As simple as it may seem, talking to one another is often all that is required to solve a host of problems. Just open your mouth and talk, but before you do, think carefully about what the effect of your words might have on the listener.

God gave us the ability to activate a dialogue with no one but ourselves, and we can often do it in a matter of seconds. Within that short span of time we can choose certain words, an expression, or a well-timed joke to quell an evolving fight or do the opposite if we prefer to prolong the tension.

Mind the timing

There are things you say in the presence of your children or the in-laws, and those you can only say to your spouse in your bedroom. The goal is to find solutions to live peacefully and happily. But to achieve that, couples should be intentional about having sufficient time to talk. I have discovered that making time to talk to my wife has helped us resolve marital issues. Sometimes fights occur because someone misunderstood what you said or did not say or acted like they read your mind. 

Technology has evolved to fast give us quintillions of opportunities to keep in touch with our loved ones through various platforms but we must be careful not to let this become a “curse” for us. We, however, must confiscate “our time” together on a daily or weekly or monthly basis and strike a balance with other relationships.

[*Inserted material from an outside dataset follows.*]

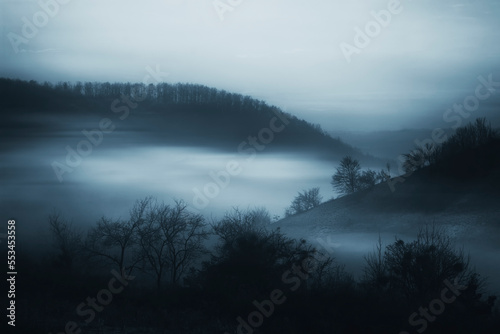 dark foggy hills fantasy landscape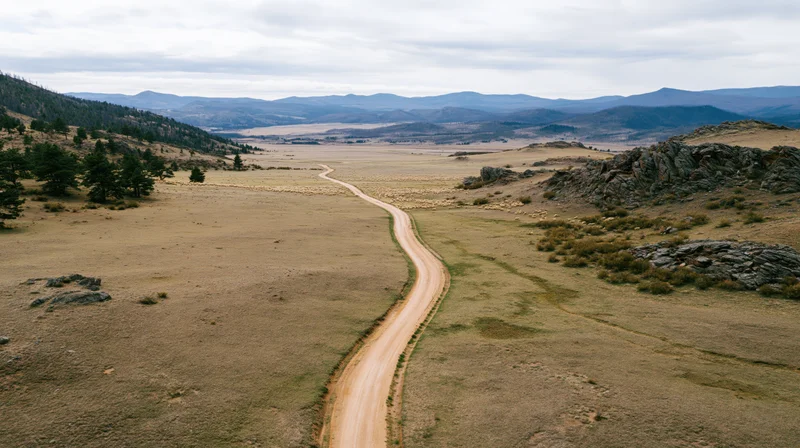 Winding dirt road through open grassland and rocky hills under overcast sky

The temptation to keep in touch with everyone except the people we love should be avoided. 

Talk freely and openly

Allow your spouse to freely share their innermost thoughts and insecurities. The key word here is “safe”. There should never be room for verbal or physical abuse, or manipulation with confidential information shared in a relationship. The book of Proverbs counsels in Chapter 25 verse 9; “If you argue your case with a neighbour, do not betray another man’s confidence.”

Be specific

Broad generalisations such as ‘You never listen…’ or ‘you always do this or that’ are likely to get the other party defensive. Stick to the issue at hand during a disagreement. Do not use the opportunity to resurrect long forgotten issues that are not related to the current situation.

And we could all learn a lot from constructive criticism as opposed to blaming our partners. There will be time when you feel bitterness, resentment, disappointment or disapproval. But how you express these thoughts is critical; do not attack the other person, rather tell them how a situation made you feel.

For instance, rather than saying; “You never listen” instead say, “I feel ignored when I am talking to you and all your attention is on the phone”. “I am disappointed that you come home late every night,” is different from, “You do not care about me or the children.” This approach prevents your spouse from being defensive.